#### Exercise objective:
Give back every record below in full and exactly, but without a single image.

#### Listed records:

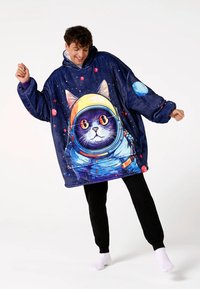 Blauer, übergroßer Kapuzenpullover aus Fleece mit einem bunten Katzenmotiv im Raumanzug, verziert mit Sternen- und Planetenakzenten auf dunklem Hintergrund.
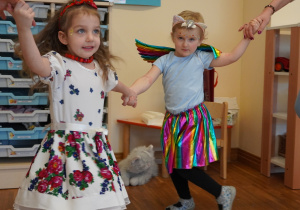 dziewczynki trzymają się za ręce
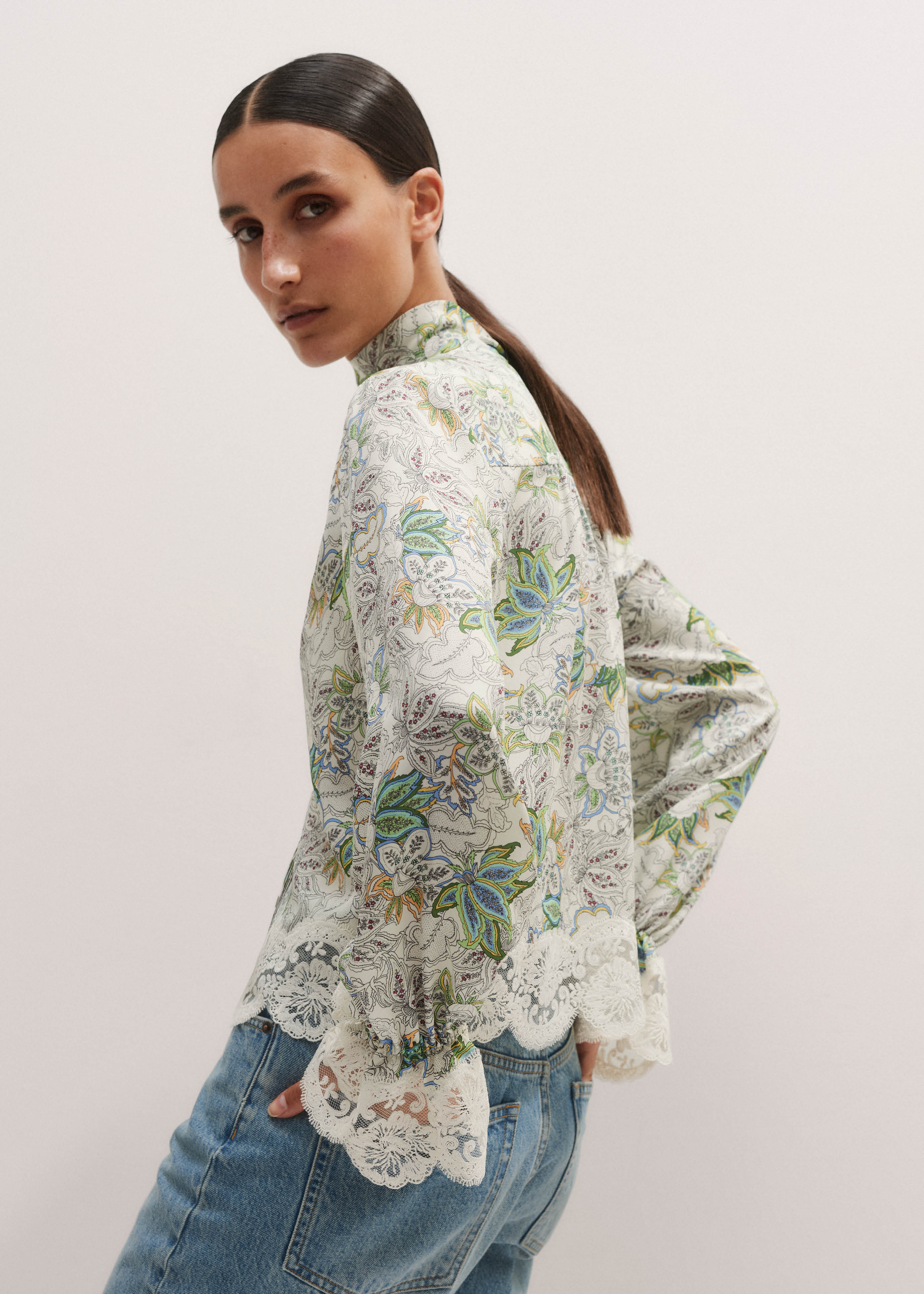 Camicie, bluse e top da donna con ricami e stampe Paisley Camicie, bluse e top da donna con ricami e stampe Paisley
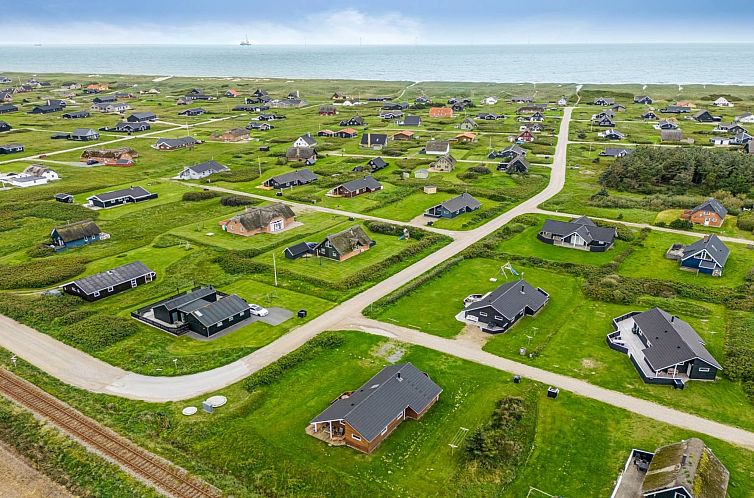 Vakantiehuis "Erland" - 500m from the sea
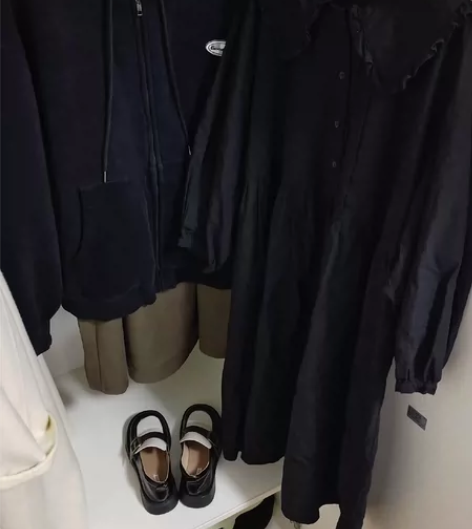 四件一起85 卫衣是加绒的可以穿到130斤...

#### Written reply:
 Blauer, übergroßer Kapuzenpullover aus Fleece mit einem bunten Katzenmotiv im Raumanzug, verziert mit Sternen- und Planetenakzenten auf dunklem Hintergrund.
 dziewczynki trzymają się za ręce
 Camicie, bluse e top da donna con ricami e stampe Paisley Camicie, bluse e top da donna con ricami e stampe Paisley
 Vakantiehuis "Erland" - 500m from the sea
 四件一起85 卫衣是加绒的可以穿到130斤...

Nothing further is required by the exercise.